The Three Kings Islands were inhabited by Maori for centuries, and visited by the first European explorer to sight these shores, Abel Janzoon Tasman. Tasman arrived at these islands some 53 kilometres north of the mainland in 1643 searching for fresh water, of which he was desperately short. He found none, but noted the presence of Maori and the absence of trees, which had been cut down to make way for crops. Marion du Fresne witnessed a similar scene 130 years later, though by that time every square inch of Great Island had been cleared and cultivated but for the cliffs. Maori continued to live on the islands until about 1840. In 1889, two goats were introduced to provide ready roasts in the event of a shipwreck. Needless to say, they decimated the bush that remained and multiplied in number to 393.
Since then the Three Kings have had little human contact save for commercial fishing boats sweeping the waters with nets or recreational fishers reeling in marlin. Yet even this light brush with humanity has left the marine environment around these islands dramatically changed. According to a team of scientists from five institutions that visited in April, there is a profound absence of apex predators—sharks, marlin, kingfish and grouper—that might be expected in an ecologically unmodified environment.
Here then, from the very first, is the history of New Zealand in microcosm: human arrival, land clearance, cultivation, agriculture and the selective exploitation of the marine realm that removes an entire category of life.
Closer to the other end of the country is another object lesson in human geography. The history of East Otago has left a deep imprint on the land. From mud banks and river mouths, archaeological evidence erupts which speaks of the region’s prehistory. Sediment at Shag Point carries the bones of plesiosaurs, and further inland, where there were once dense forests, lie the remains of moa and Haast eagles. The bush was cleared by the first humans to set foot here, and moa were a plentiful prey, for a time. Whalers and sealers, then missionaries and crofters, pastures and fences left their mark on a landscape that kept giving: sheep, wool… gold. Then milk, and more gold.
Families and towns, layers of human relationships and social wealth, gave this corner of New Zealand a timeless quality, even as farming and mining was changing it before their eyes.
We idealise these social beginnings and rightly feel connected to the spirit and determination of pioneers—both Maori and Pakeha—who laid the foundations of what we now realise is a culture to be proud of.

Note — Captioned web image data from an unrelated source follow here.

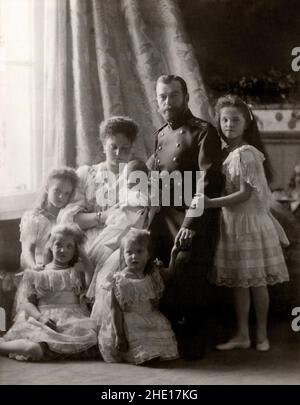 La dinastia Romanov - Tsar Nicholas II con sua moglie e la famiglia nel 1904 con Alexei come bambino nelle braccia delle sue madri. Foto Stock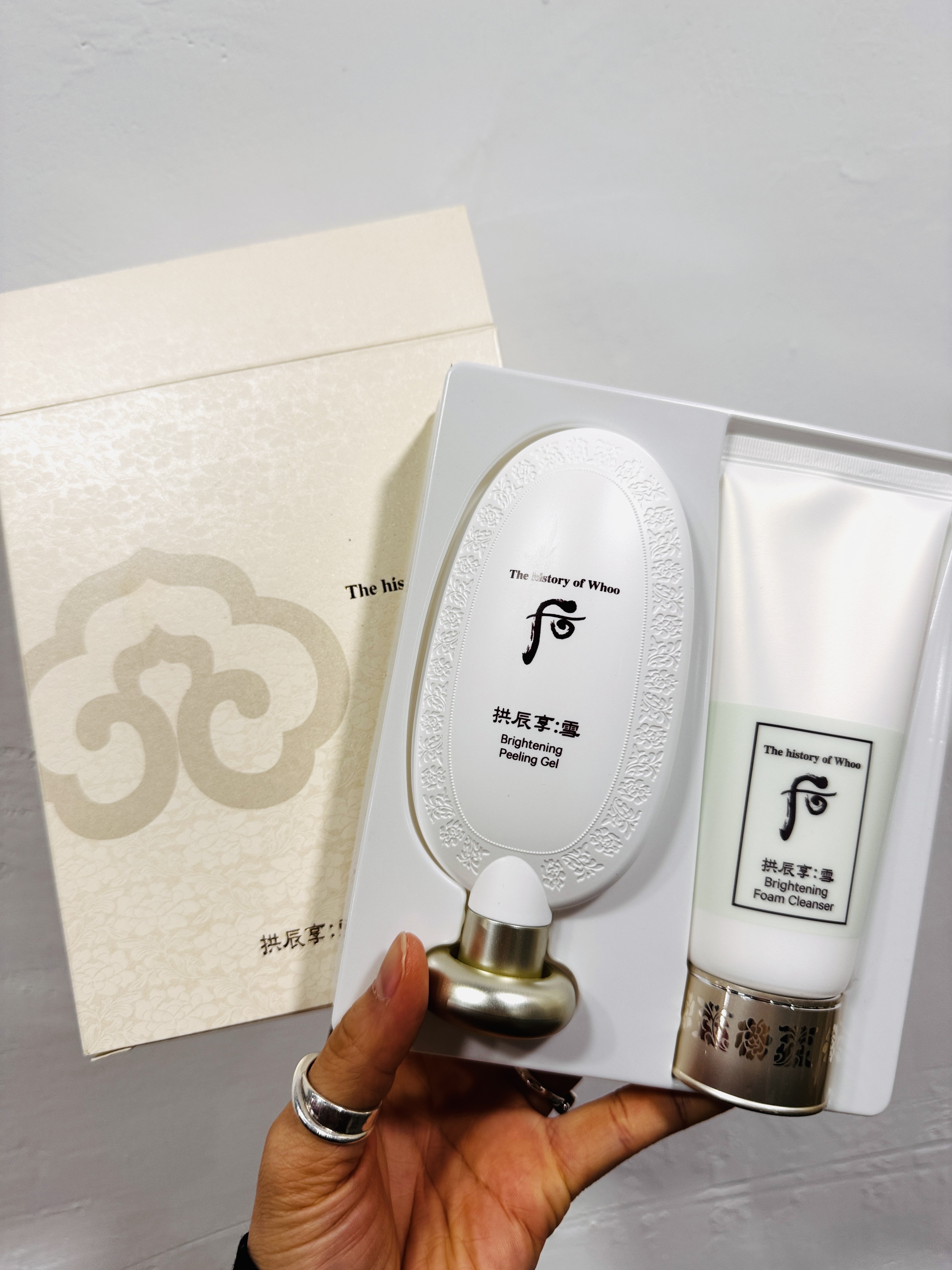 后 拱辰享 雪 Brightening Peeling Gel – 雪白煥膚啫喱 100ml ＋美白洗面膏 100ml /SET 【韓方宮廷保養✔️溫和提亮膚色的日常護理✔️】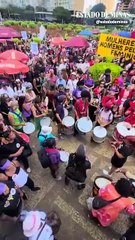 Mulheres protestam contra feminicídio em BH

But these lessons in human geography also have an unsettling quality. The wild, rugged frontier of New Zealand that also forms part of our collective mythology has been largely denuded and tamed. Its rivers turn turbines, its rolling hills now feed our stock within electric fences. The Haast eagle no longer casts a shadow here, and even the predators of the deep are conspicuously absent.
Both Maori and Pakeha came to New Zealand in search of a new land in which to fashion a new society. But what ultimately resulted was not dissimilar to the civilisations they had left. It was human nature that needed to change. It still does.